Etiology and Epidemiology

β-Thalassemia major is caused by mutations that impair beta chain synthesis. Because of unbalanced synthesis of alpha and beta chains, alpha chains precipitate within the cells, resulting in RBC destruction either in the bone marrow or in the spleen. β-Thalassemia major is seen most commonly in individuals of Mediterranean or Asian descent. The clinical severity of the illness varies on the basis of the molecular defect.

Clinical Manifestations

Signs and symptoms of β-thalassemia major result from the combination of chronic hemolytic disease, decreased or absent production of normal hemoglobin A, and ineffective erythropoiesis. The anemia is severe and leads to growth failure and high-output heart failure. Ineffective erythropoiesis causes increased expenditure of energy and expansion of the bone marrow cavities of all bones, leading to osteopenia, pathologic fractures, extramedullary erythropoiesis, and an increase in the rate of iron absorption.

Treatment

Treatment of β-thalassemia major is based on a hypertransfusion program that corrects the anemia and suppresses the patient’s own ineffective erythropoiesis, limiting the stimulus for increased iron absorption. This suppression permits the bones to heal, decreases metabolic expenditures, increases growth, and limits dietary iron absorption. Splenectomy may reduce the transfusion volume, but adds to the risk of serious infection. Chelation therapy with deferoxamine or deferasirox should start when laboratory evidence of iron overload (hemochromatosis) is present and before there are clinical signs of iron overload (nonimmune diabetes mellitus, cirrhosis, heart failure, bronzing of the skin, and multiple endocrine abnormalities). Hematopoietic stem cell transplantation in childhood, before organ dysfunction induced by iron overload, has had a high success rate in β-thalassemia major and is the treatment of choice.

Etiology and Epidemiology

The common sickle cell syndromes are hemoglobin SS disease, hemoglobin S-C disease, hemoglobin S-β thalassemia, and rare variants (Table 150-7). The specific hemoglobin phenotype must be identified because the clinical complications differ in frequency, type, and severity. As a result of a single amino acid substitution (valine for glutamic acid at the β6 position), sickle hemoglobin crystallizes and forms a gel in the deoxygenated state. When reoxygenated, the sickle hemoglobin is normally soluble. The so-called reversible sickle cell is capable of entering the microcirculation. As the oxygen is extracted and saturation declines, sickling may occur, occluding the microvasculature. The surrounding tissue undergoes infarction, inducing pain and dysfunction. This sickling phenomenon is exacerbated by hypoxia, acidosis, fever, hypothermia, and dehydration.

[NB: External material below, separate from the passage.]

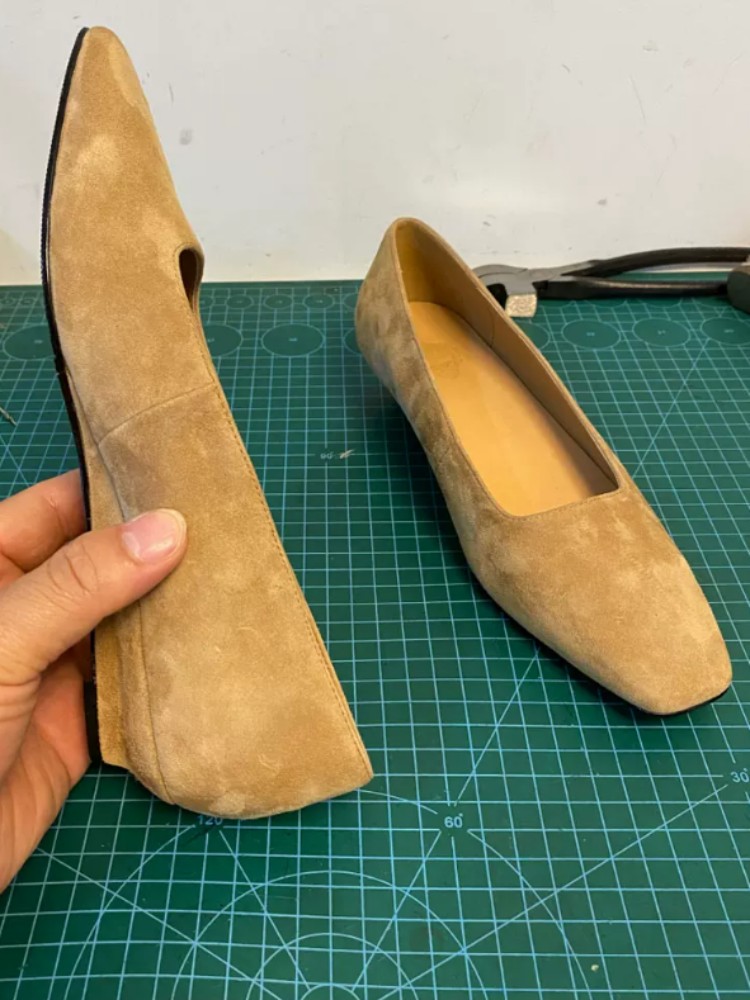 Sapatos femininos elegantes de - Leather Work For Kids avaliação e preço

TABLE 150-7 Comparison of Sickle Cell Syndromes

Clinical Manifestations and Treatment

A child with sickle cell anemia is vulnerable to life-threatening infection by 4 months of age. By that time, splenic dysfunction is caused by sickling of the RBCs within the spleen, resulting in an inability to filter microorganisms from the bloodstream in most patients. Splenic dysfunction is followed, eventually, by splenic infarction, usually by 2 to 4 years of age. The loss of normal splenic function makes the patient susceptible to overwhelming infection by encapsulated organisms, especially Streptococcus pneumoniae and other pathogens (see Table 150-8). The hallmark of infection is fever. A febrile patient with a sickle cell syndrome (temperature > 38.5°C) must be evaluated immediately (see Chapter 96). Current precautions to prevent infections include prophylactic daily oral penicillin begun at diagnosis and vaccinations against pneumococcus, Haemophilus influenzae type b, hepatitis B virus, and influenza virus.

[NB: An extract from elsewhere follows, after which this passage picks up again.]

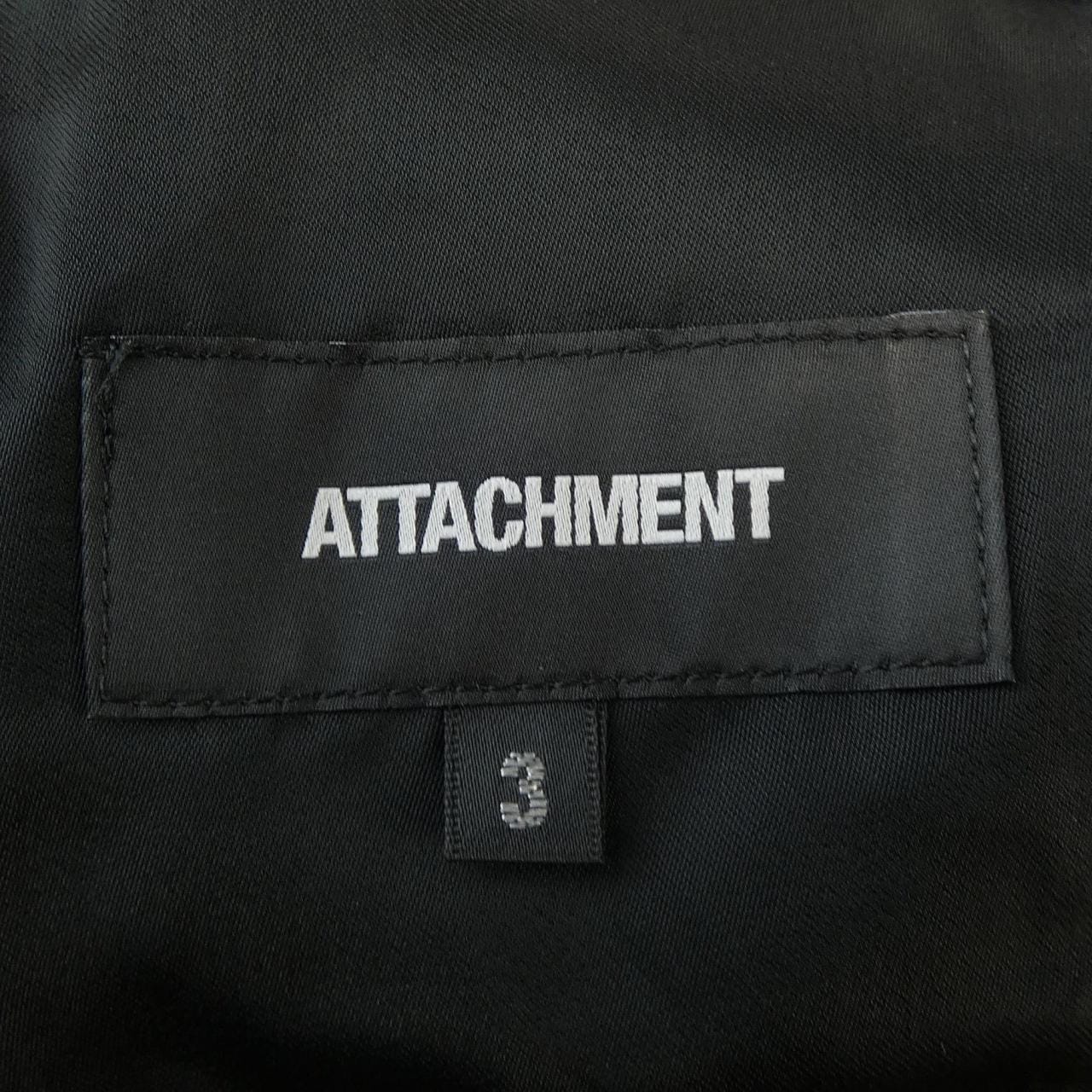 アタッチメント ATTACHMENT ダッフルコート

TABLE 150-8 Clinical Manifestations of Sickle Cell Anemia*

G6PD, glucose-6-phosphate dehydrogenase.

* Clinical manifestations with sickle cell trait are unusual but include renal papillary necrosis (hematuria), sudden death on exertion, intraocular hyphema extension, and sickling in unpressurized airplanes.

The anemia of SS disease is usually a chronic, moderately severe, hemolytic anemia that is not routinely transfusion dependent. The severity depends in part on the patient’s phenotype. Manifestations of chronic anemia include jaundice, pallor, variable splenomegaly in infancy, a cardiac flow murmur, and delayed growth and sexual maturation. Decisions about transfusion should be made on the basis of the patient’s clinical condition, the hemoglobin level, and the reticulocyte count.

Sickle cell disease is complicated by sudden, occasionally severe and life-threatening events caused by the acute intravascular sickling of the RBCs, with resultant pain or organ dysfunction (so-called crisis). In two different clinical situations, an acute, potentially life-threatening decline in the hemoglobin level may be superimposed on the chronic compensated anemia. Splenic sequestration crisis is a life-threatening, hyperacute decline in the hemoglobin level (blood volume) secondary to splenic pooling of the patient’s RBCs and sickling within the spleen. The spleen is moderately to markedly enlarged and the reticulocyte count is elevated. In an aplastic crisis, parvovirus B19 infects RBC precursors in the bone marrow and induces transient RBC aplasia with reticulocytopenia and a rapid worsening of anemia. Simple transfusion therapy is indicated for sequestration and aplastic crises when the anemia is symptomatic.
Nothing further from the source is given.